REQUIRED ACTION: In the copy, keep the lines from the first line of the material below through the line containing "New cozy bed" exactly as they are, and include no pictures.

SOURCE MATERIAL:
• • •
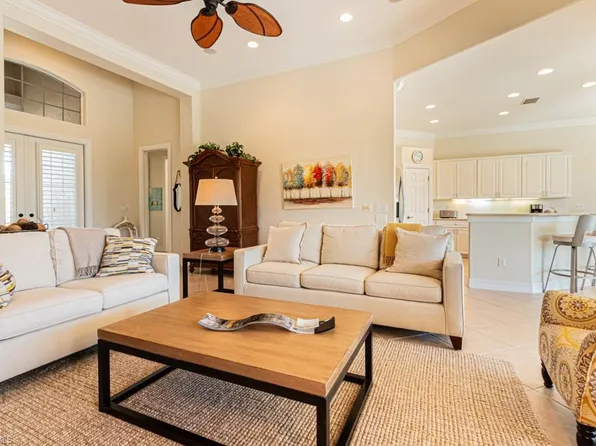 6968 Amen Corner CT, NAPLES, FL 34113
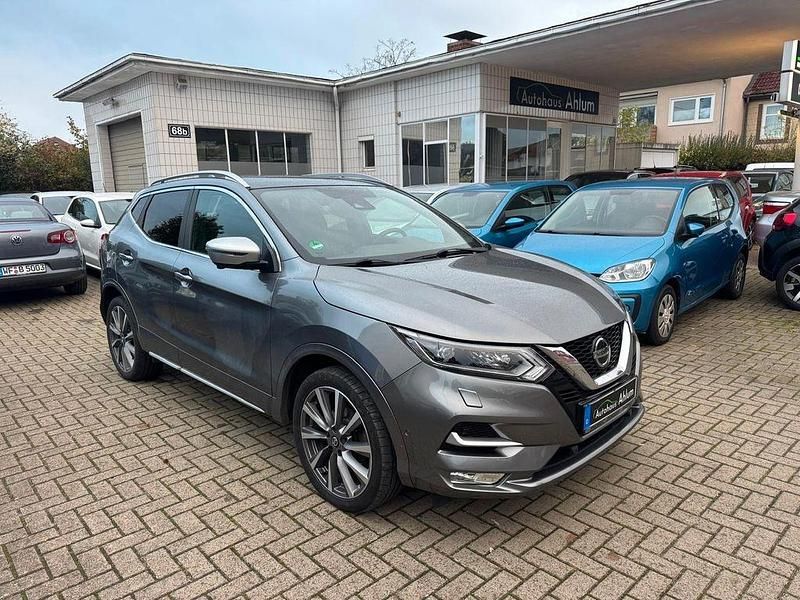 Grau Gebraucht 2019 Nissan Qashqai Tekna SUV | 17.499 € (Fairer Preis) - Bild 1/4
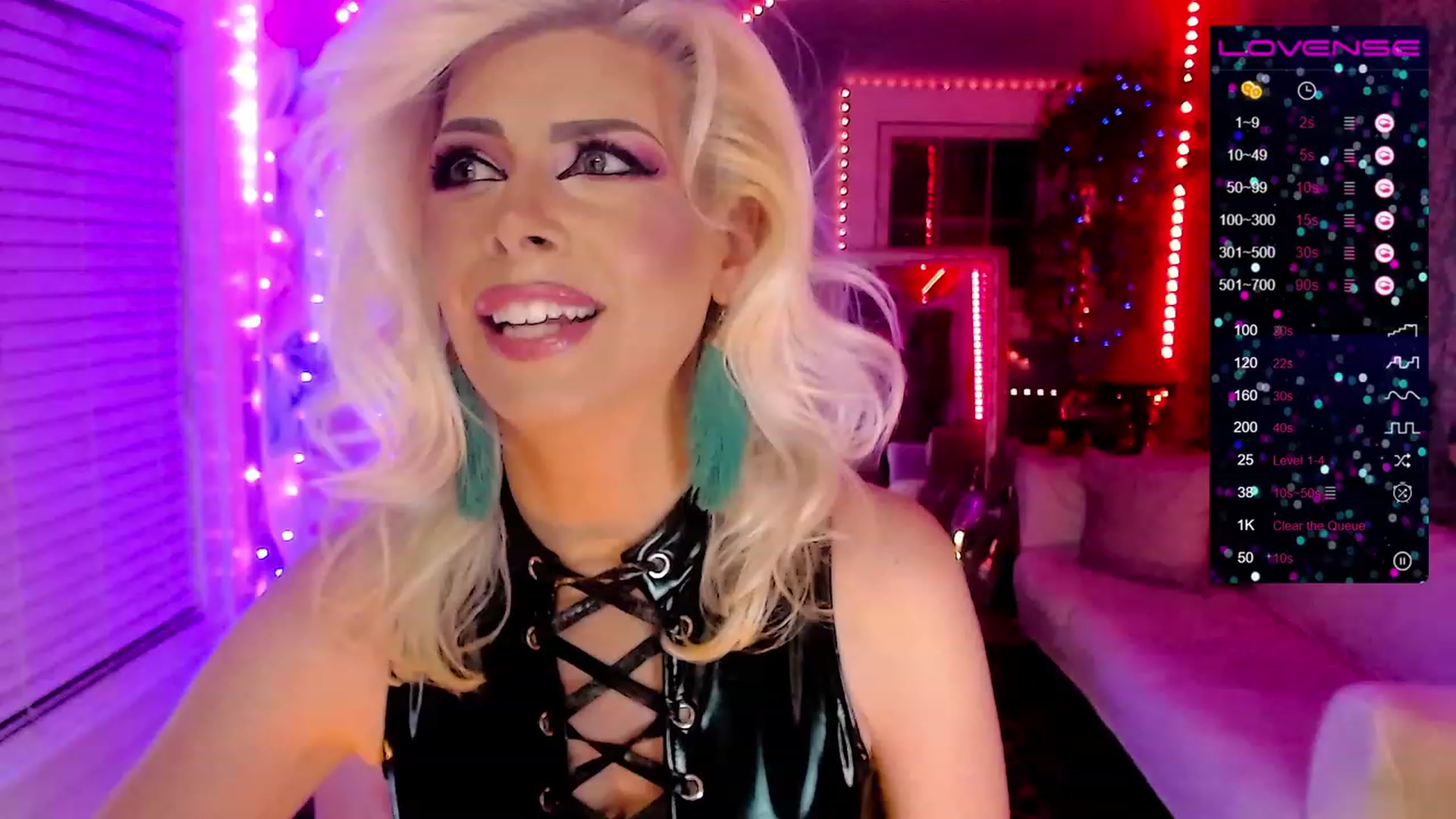 Gallery image thumbnail from SvetlanaSnow's myfreecams stream on, 05/11/2023, 07:17 image 1 of 20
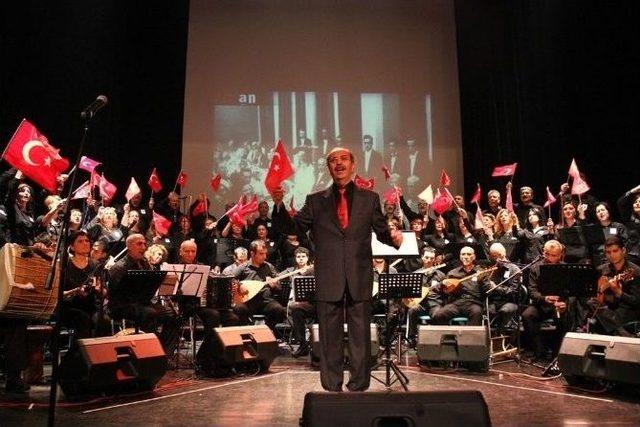 ’atatürk’ün Sevdiği Şarkılar’ Konseri Duygulandırdı 1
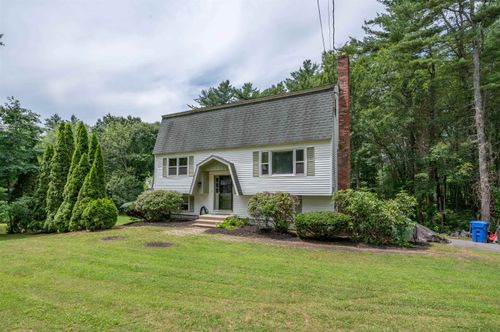 241 High Range Rd, Londonderry, NH, 03053-2676 | Card Image
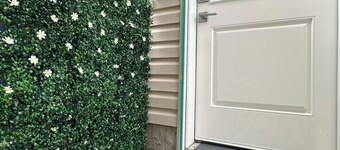 New cozy bed room suite , Netflix, separate entrance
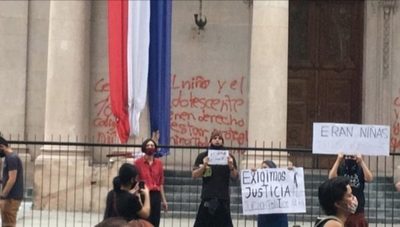 Admiten imputación contra supuestas responsables de daños al Panteón | Noticias Paraguay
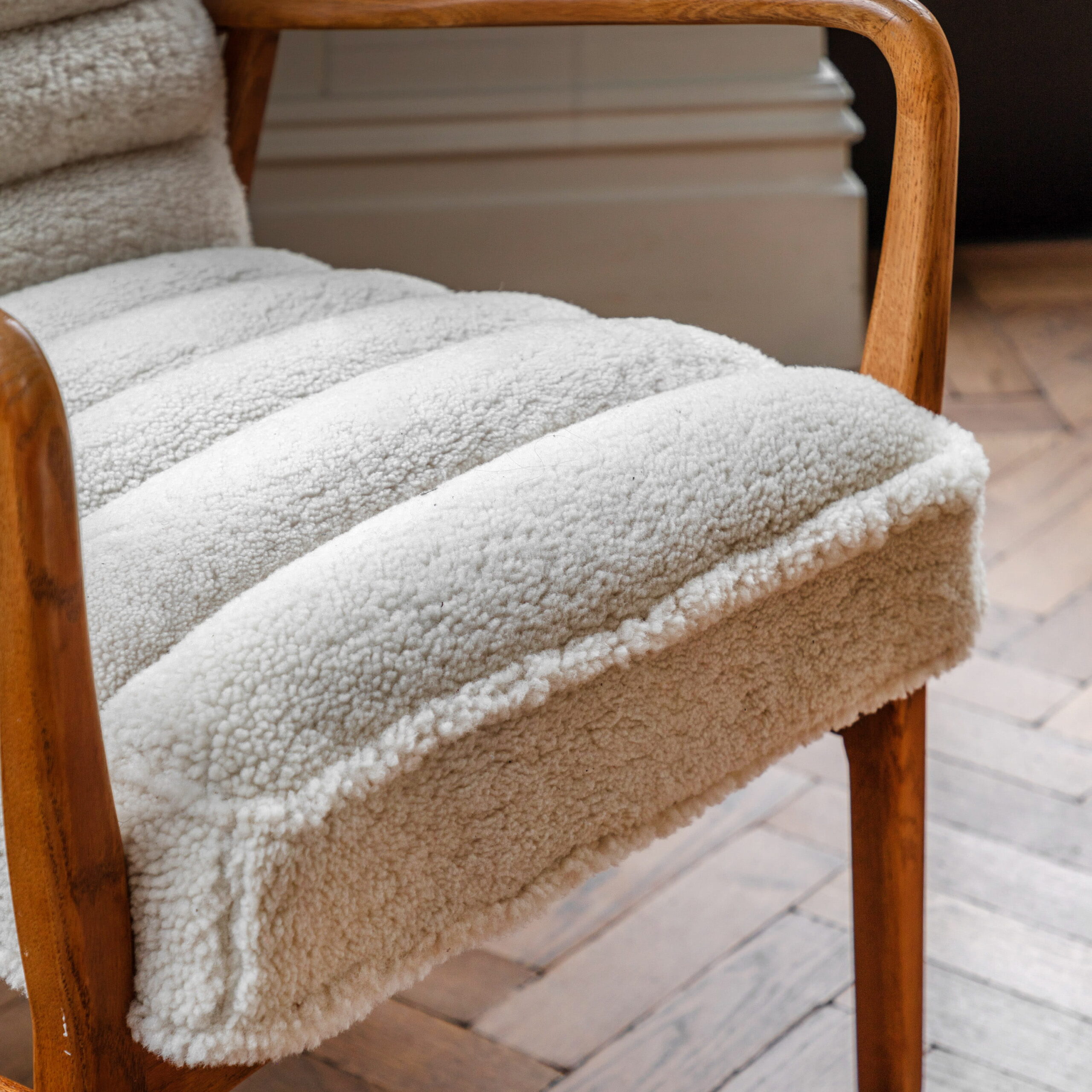 Camden Cream Sheepskin Armchair - Image 5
• • •
ANSWER TO THIS EXERCISE:
 6968 Amen Corner CT, NAPLES, FL 34113
 Grau Gebraucht 2019 Nissan Qashqai Tekna SUV | 17.499 € (Fairer Preis) - Bild 1/4
 Gallery image thumbnail from SvetlanaSnow's myfreecams stream on, 05/11/2023, 07:17 image 1 of 20
 ’atatürk’ün Sevdiği Şarkılar’ Konseri Duygulandırdı 1
 241 High Range Rd, Londonderry, NH, 03053-2676 | Card Image
 New cozy bed room suite , Netflix, separate entrance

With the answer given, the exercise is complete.